The point is this isn’t a “*nix” level system.

Thanks @richard-damon - that’s exactly what I am looking for

a) core dump
b)get a trace back with addresses

Can you please let me know how to achieve the same?

Thanks in advance

To get a core dump, you just need to program your “crash” trap to copy all of memory (or all memory that you are interested) into some programmable media that you can then transmit the contents of to be analyzed. That tends to require that the system has some block of flash memory big enough to do this, which is not real common.

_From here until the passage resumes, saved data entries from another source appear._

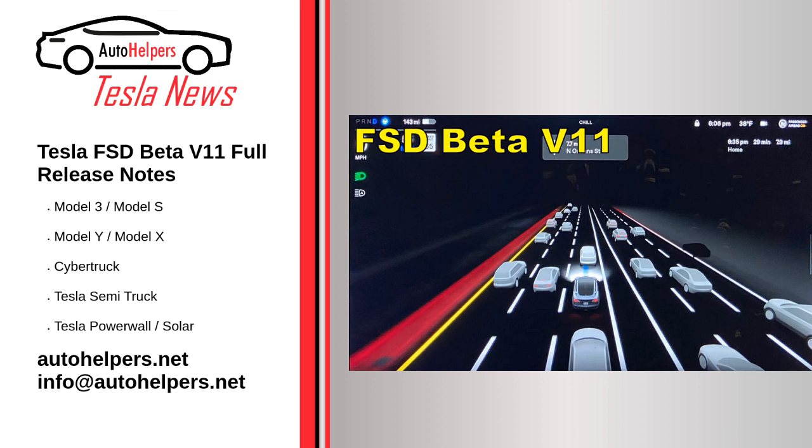Video demonstrations of FSD Beta V11's capabilities are yet to populate video sharing sites such as YouTube. With the update poised for a wider release in the coming weeks, however, it's only a matter of time before stress tests and demonstrations of FSD Beta V11 in action are shared online. Source reposted and summarized from Simon Alvarez at TeslaRT. My take: sounds great — getting closer and closer to a completed version.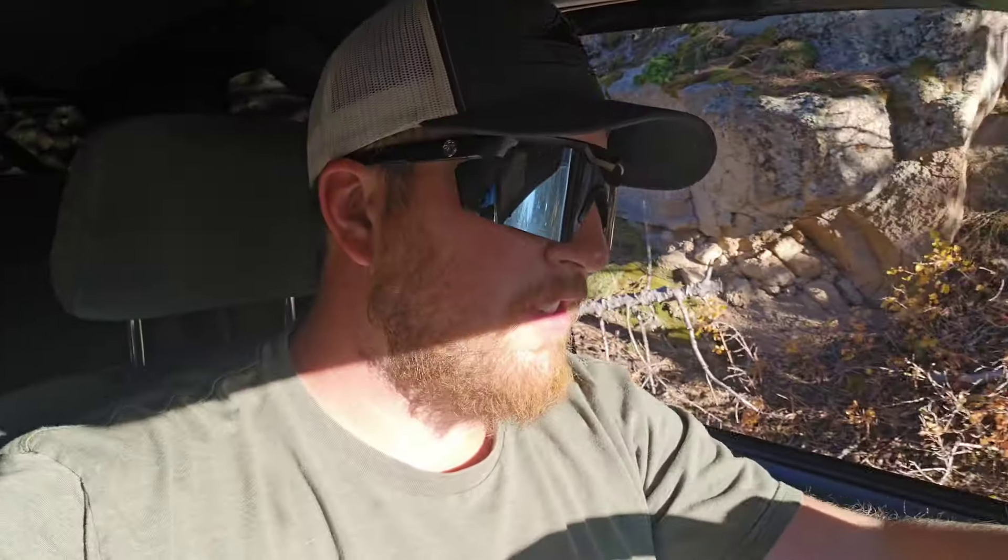Hey guys, back with another video. We're gonna be doing an open and close video showing you how to properly open and close a 270 degree awning that I got from Open Road Off-Road. It's a super slick awning — it's got blackout on the top, it's 95% sun blocking, it's freestanding with legs if you need them, and it's got this really cool new style ratchet. Let's get into it and I'll show you how it functions.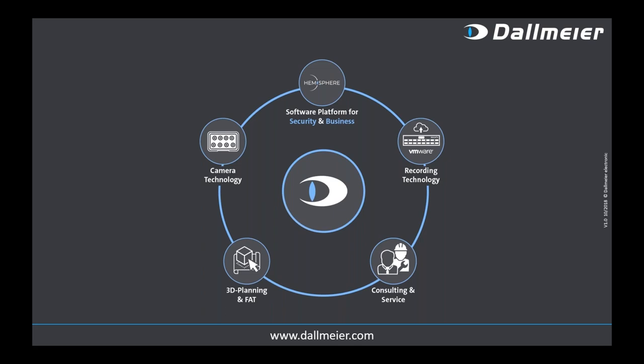Having cameras, recording, and software together is something not every vendor can provide. But there are also soft factors — starting with planning: can you already define in the planning phase exactly which area you want to cover and at which resolution quality? This is critical for court usability in criminal investigations and for analytics data quality. With our 3D planning and project engineering team, we can create a digital twin of the customer's environment — all the way up to big football stadiums. We equipped nine of the twelve stadiums for the FIFA World Cup in Russia.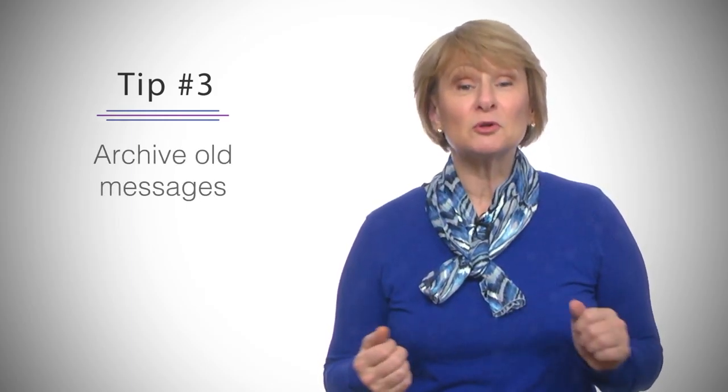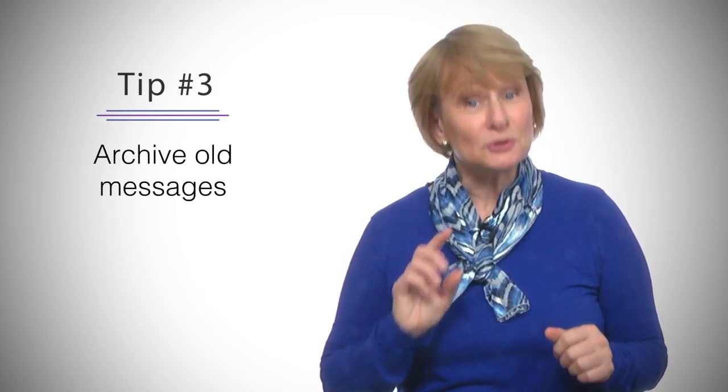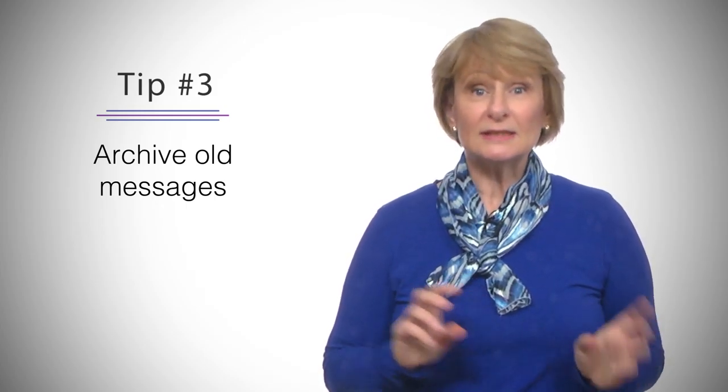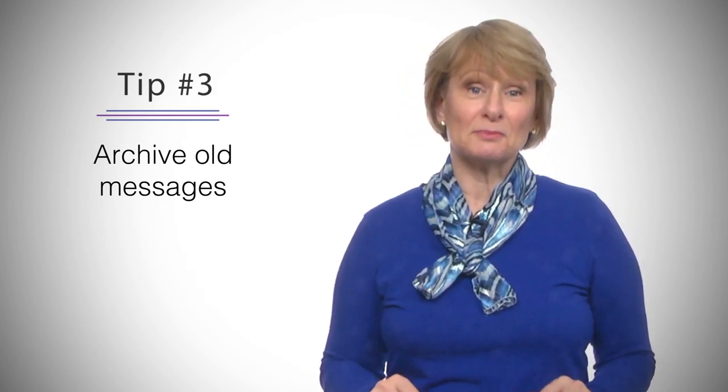Finally, archive old messages. Archiving keeps your inbox clean and up-to-date, ensures messages aren't deleted or lost, and still allows you to access that information.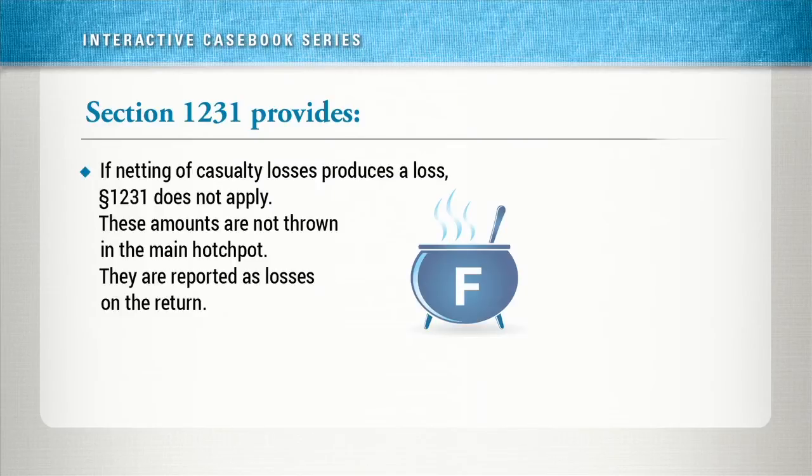If these losses exceed gains, so there is a net loss, then Section 1231 does not apply to these losses. They are reported on the return, but the character of these losses is not determined by Section 1231 — it is determined by other provisions in the Code. These involuntary conversions are generally considered ordinary losses, either because property used in a taxpayer's trade or business is not a capital asset, or because the involuntary conversion by casualty or theft is not a sale or exchange.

As to getting a trace back, you just need to write your crash handler to understand your processes ABI for building stack frames (and hoping that the point where this happens has a normal stack frame). You will at least know the address the went into the trap handler, so you can look that up in your linker map.

The point is that you aren’t running under a big OS that supplies all these for you.

And at this point, the TO may wish to go back to my initial remarks about the value of stack back traces.

It should also be noted that Richard’s remark “and hoping that the point where this happens has a normal stack frame” is very appropriate. That hope will remain unfulfilled many more times than one would wish.